Alsea Swallows Wal-Mart’s Mexico Restaurant Chain
After announcing in June that Wal-Mart Stores’s (NYSE:WMT) Wal-Mart de Mexico unit was looking to sell its Vips restaurant chain, The Wall Street Journal reported Wednesday that the retailer has finally secured a deal with Mexican restaurant operator Alsea for 8.20 billion Mexican pesos, or $626 million. Wal-Mart de Mexico has been under close speculation ever since last year when reports of its bribery charges took shape, and now, the division is reportedly ready to focus on its retail operations and allow Alsea to take over its restaurant portfolio.
Alsea has been called an “icon” in the Mexican restaurant industry and thus it didn’t come to a surprise to analysts when the company became the front runner for Vips. Other chains like Grupo Gigante and Advent International were also in the running, but Alsea ultimately won out with a bid of 8.20 billion pesos, reflecting a value almost double that of what some analysts pegged the portfolio to go for.
According to The Wall Street Journal, Alsea manages popular franchises like Domino’s Pizza (NYSE:DPZ), Starbucks Coffee (NASDAQ:SBUX), Burger King (NYSE:BKW), and California Pizza Kitchen in Mexico, but has yet to focus on the middle class segment that Vips chains of 362 restaurants currently serve. Unlike Alsea, Vips offers mostly Mexican fare. Therefore, the deal will undoubtedly benefit Alsea, which can now add some “homegrown flavor” to its case of otherwise international brands.
It is now an especially lucrative time for the Mexican restaurant industry because as the country’s economy grows, so too does disposable income and consumers’ likelihood to spend. As cultural habits evolve and more of Mexico’s women seek employment opportunities, more and more Mexicans are eating out and placing takeout orders — and restaurant chains are benefitting.
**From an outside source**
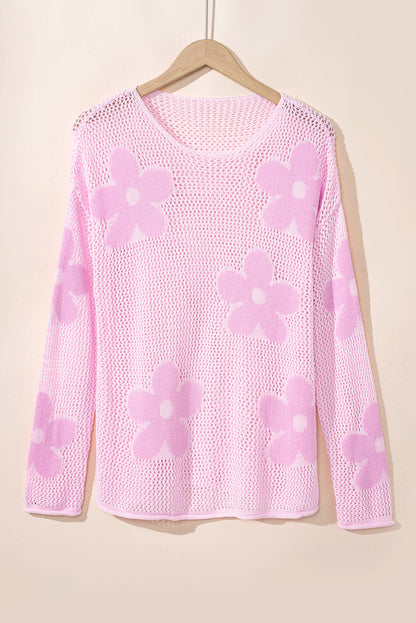 Floral Hollowed Knit Drop Shoulder Pullover Sweater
In addition, because Wal-Mart’s Mexican unit is the country’s biggest retailer and many of the Vips restaurants are either situated in good locations or coexist with Walmex stores, Alsea stands to significantly profit from Walmex’s reputation and the increased likelihood that consumers will decide to eat out after a long day of shopping.
Walmex has benefitted from its own restaurant business in the past, posting earnings before taxes last year of around $74 million, but because the retailer has had to tighten its internal controls in the face of bribery charges and corruption allegations, it is now more important for Walmex to focus on its retail division rather than that of its restaurant business. It will still surely take Alsea years to pay back the loan that is necessary to finance the considerable Vips price tag, but the successful restaurant business is confident that its investment will soon pay off.